**EXERCISE REQUIREMENTS**
Return, with both end lines included, exactly what the data below holds from the line with "Men's loose long" through the line with "Short habillé d'ensemble", though not the pictures.

[Crawled caption data]

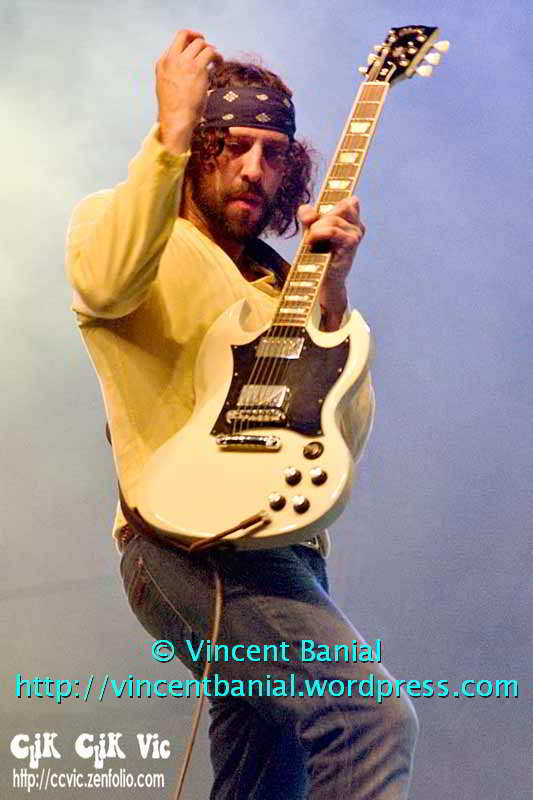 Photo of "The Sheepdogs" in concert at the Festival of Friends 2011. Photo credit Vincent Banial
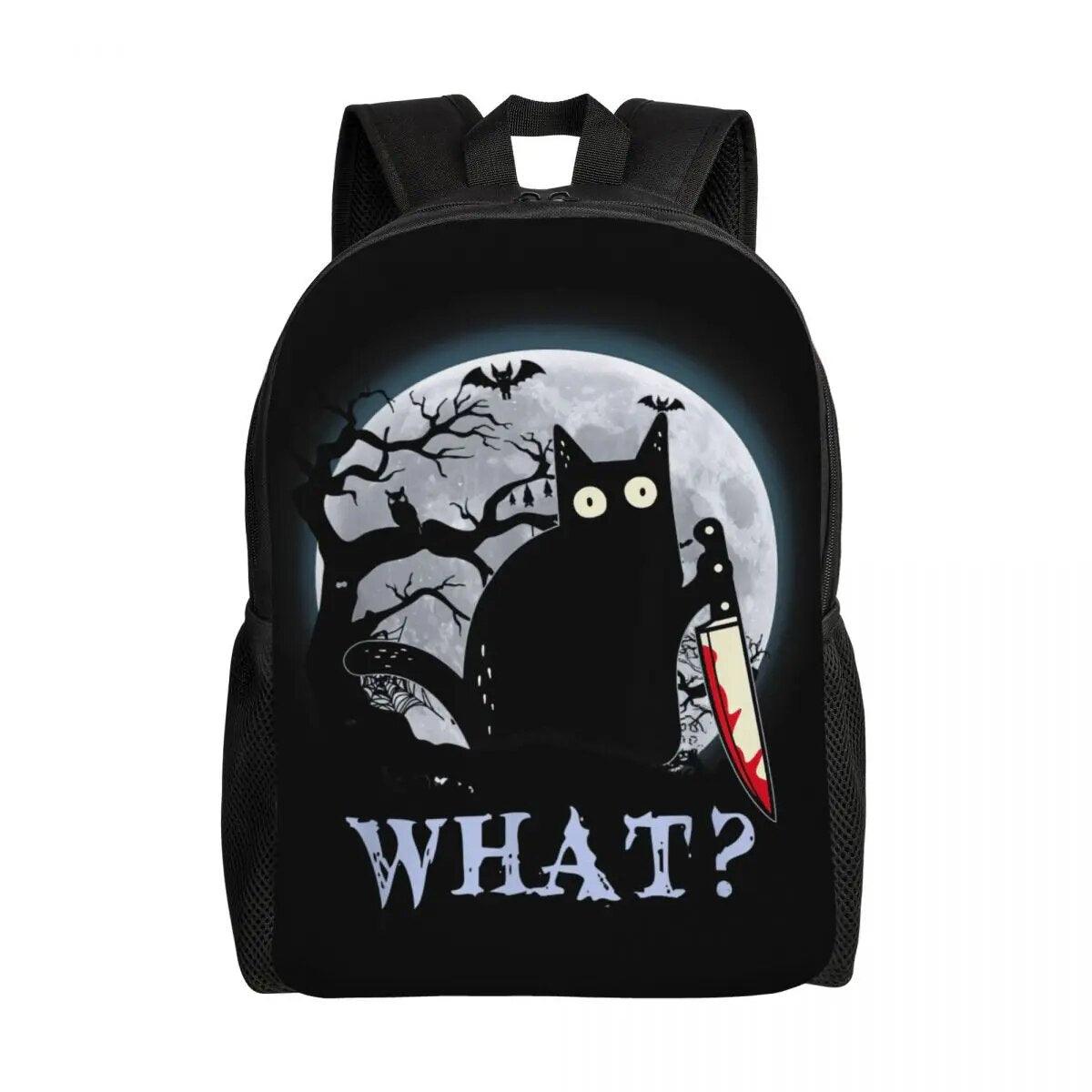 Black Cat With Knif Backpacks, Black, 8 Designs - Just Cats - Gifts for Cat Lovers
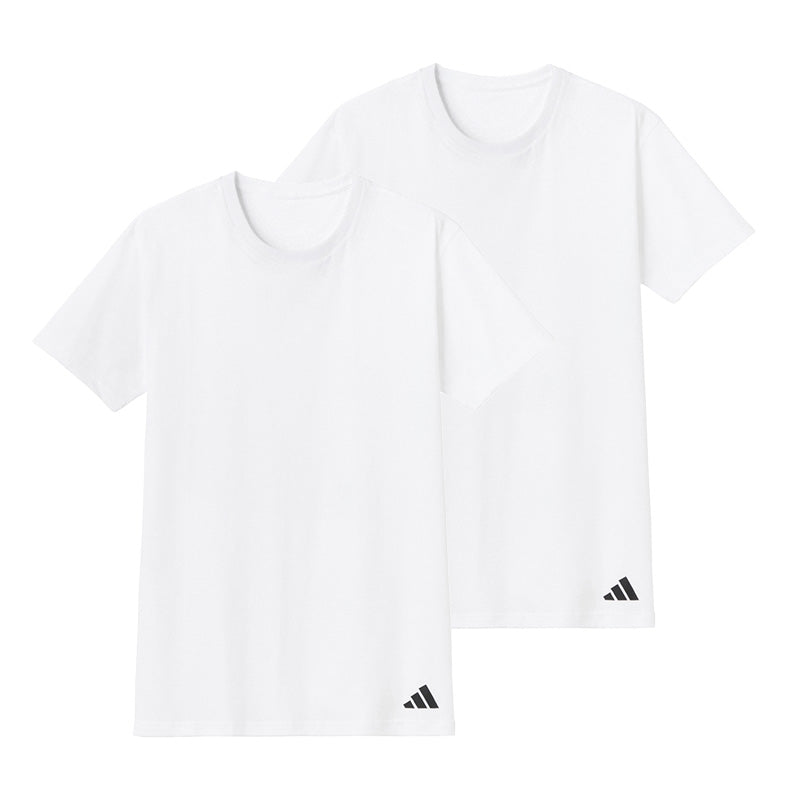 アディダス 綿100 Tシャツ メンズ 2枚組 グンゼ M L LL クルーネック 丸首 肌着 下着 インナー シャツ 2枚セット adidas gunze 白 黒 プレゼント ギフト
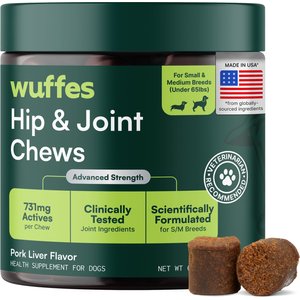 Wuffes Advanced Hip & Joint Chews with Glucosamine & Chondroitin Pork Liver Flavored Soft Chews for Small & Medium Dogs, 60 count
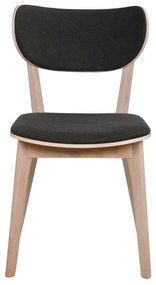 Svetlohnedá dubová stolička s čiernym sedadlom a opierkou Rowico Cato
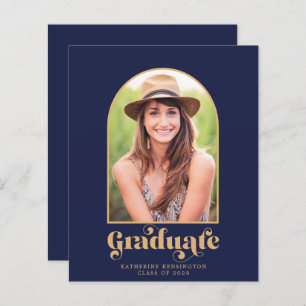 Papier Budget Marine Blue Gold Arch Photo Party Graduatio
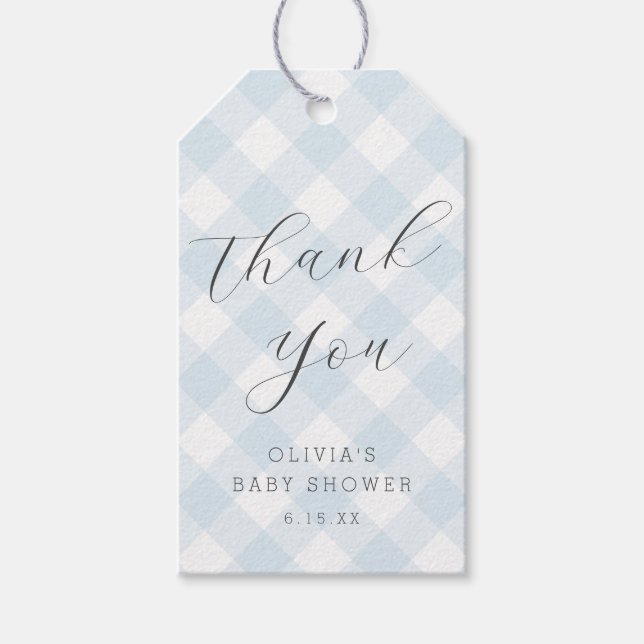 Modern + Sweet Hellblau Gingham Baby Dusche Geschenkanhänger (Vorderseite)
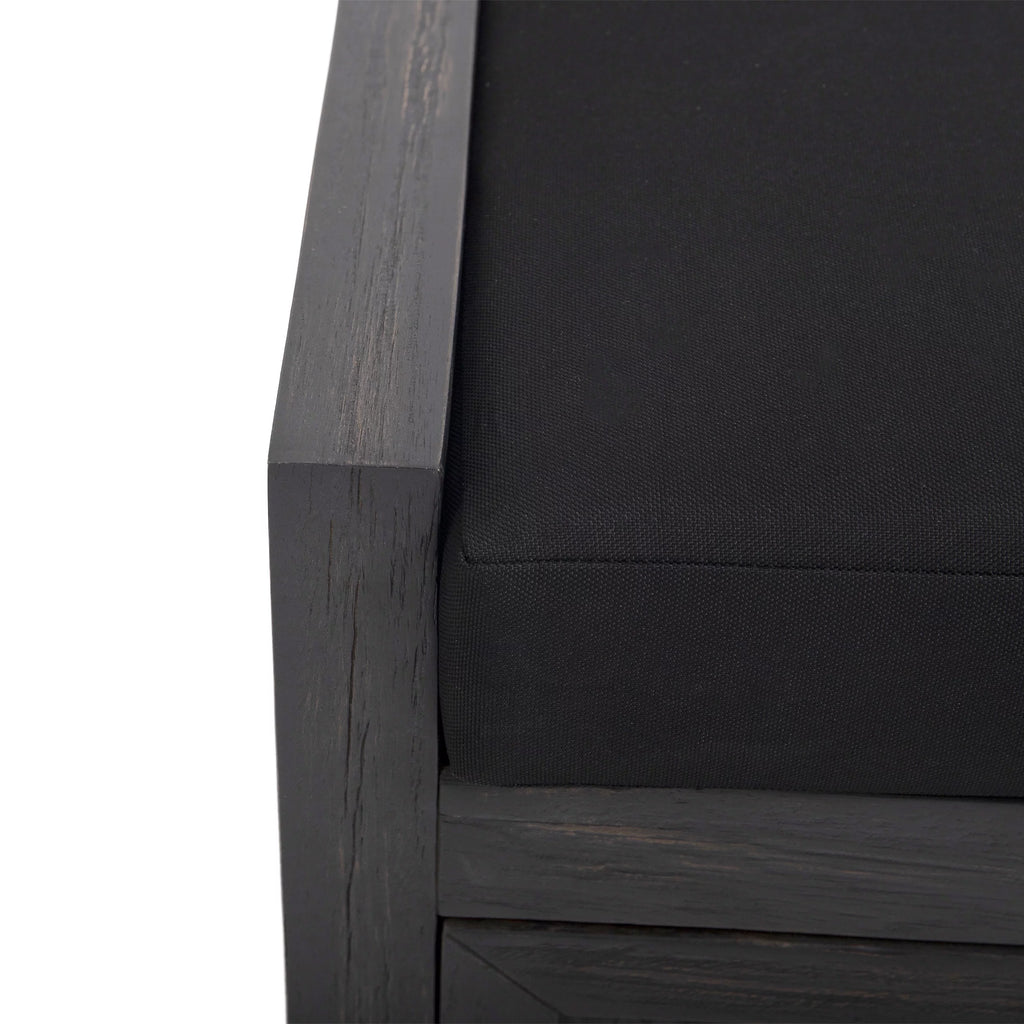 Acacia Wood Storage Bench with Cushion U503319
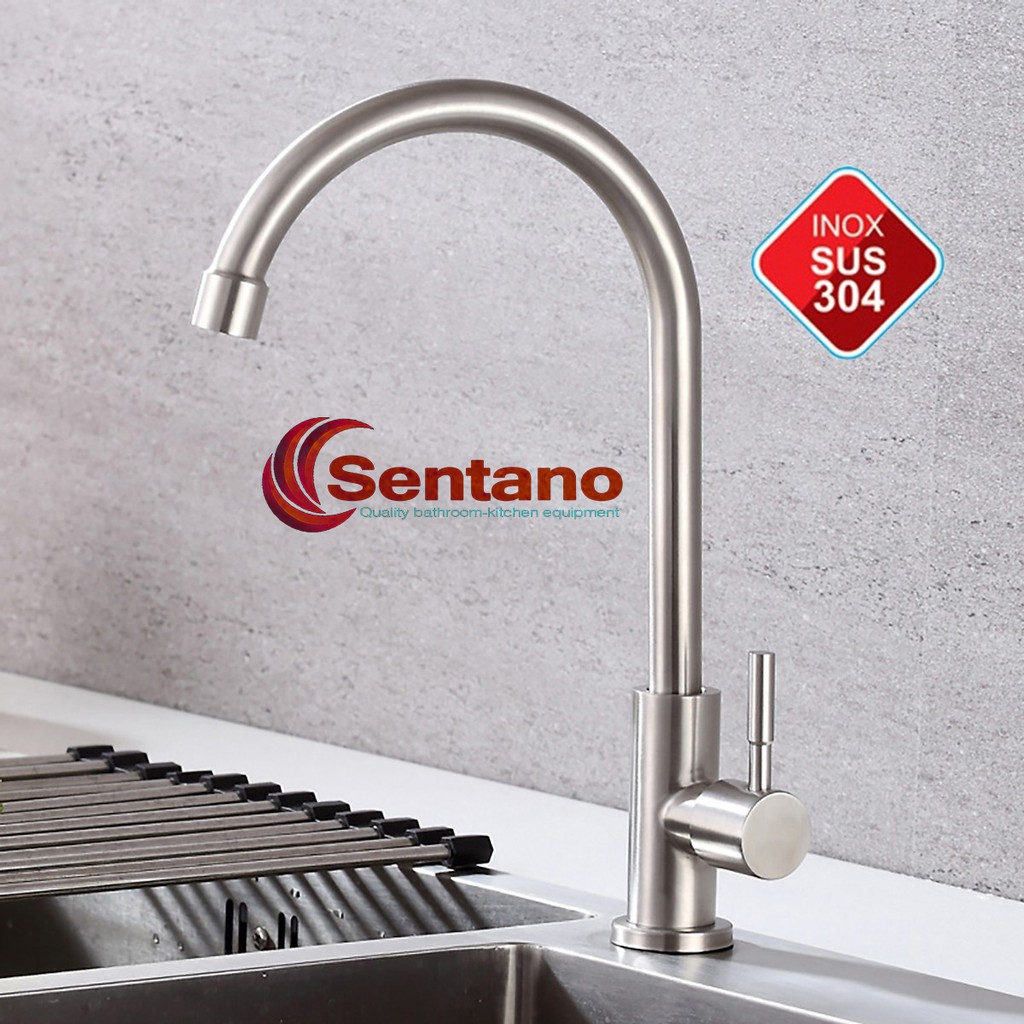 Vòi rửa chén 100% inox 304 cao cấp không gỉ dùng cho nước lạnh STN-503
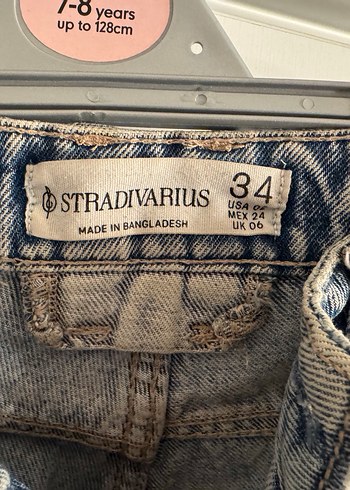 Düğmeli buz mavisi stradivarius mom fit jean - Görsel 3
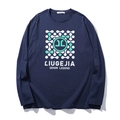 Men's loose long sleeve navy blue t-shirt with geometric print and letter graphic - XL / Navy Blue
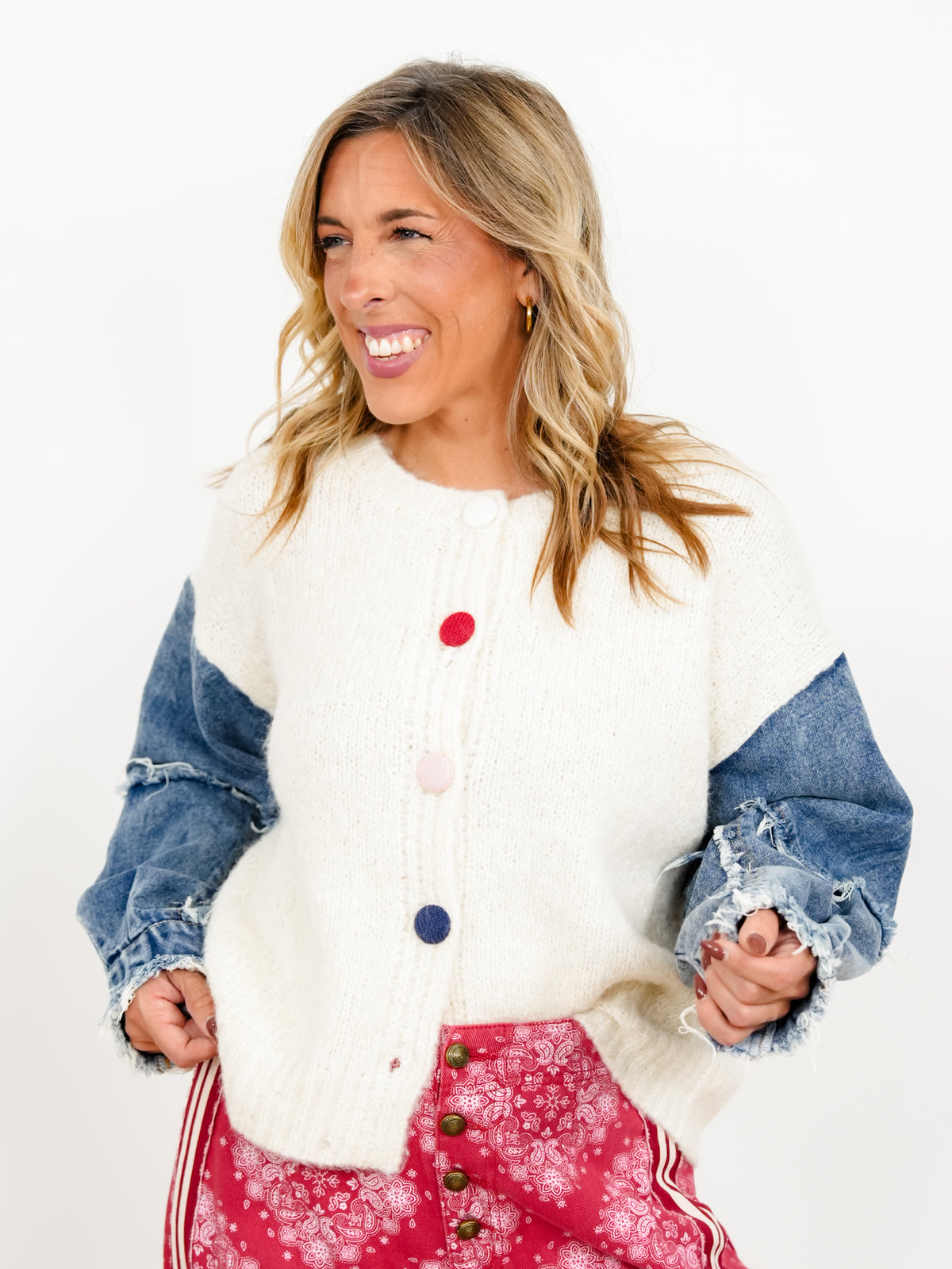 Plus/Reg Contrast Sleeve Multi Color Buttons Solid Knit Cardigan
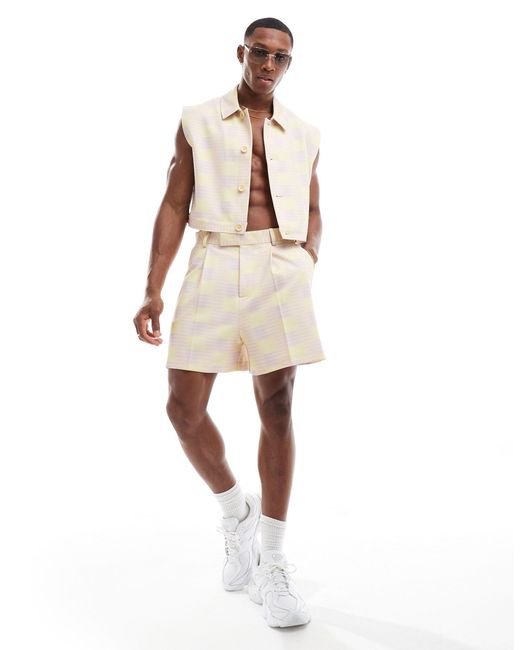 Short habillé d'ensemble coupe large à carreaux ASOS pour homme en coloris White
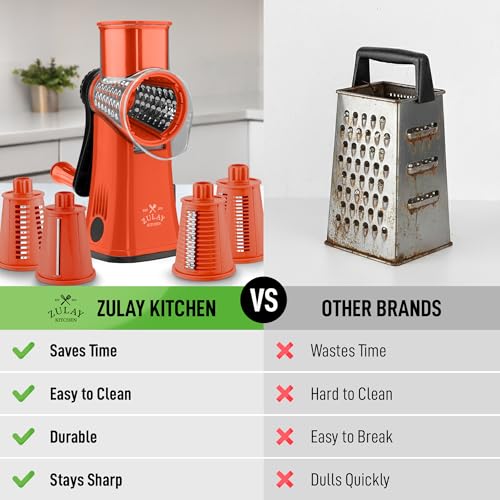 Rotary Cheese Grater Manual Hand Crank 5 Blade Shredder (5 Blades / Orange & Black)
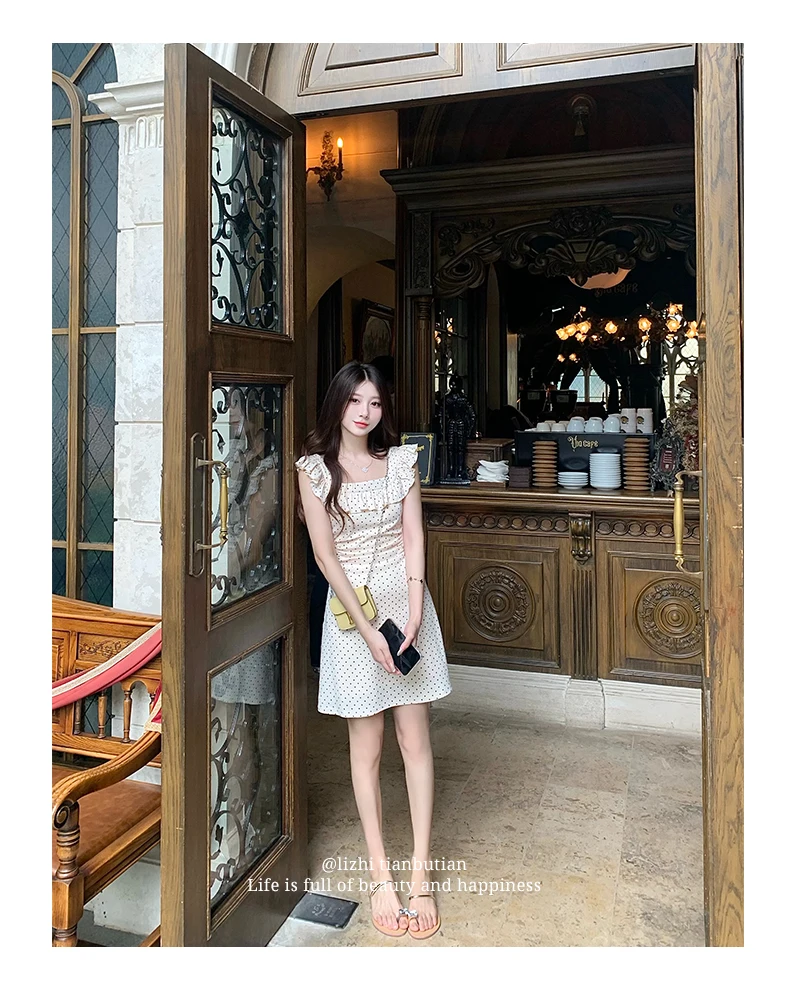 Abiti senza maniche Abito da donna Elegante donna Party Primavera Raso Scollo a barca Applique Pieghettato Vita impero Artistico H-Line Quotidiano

**WRITTEN SOLUTION**
 Men's loose long sleeve navy blue t-shirt with geometric print and letter graphic - XL / Navy Blue
 Plus/Reg Contrast Sleeve Multi Color Buttons Solid Knit Cardigan
 Short habillé d'ensemble coupe large à carreaux ASOS pour homme en coloris White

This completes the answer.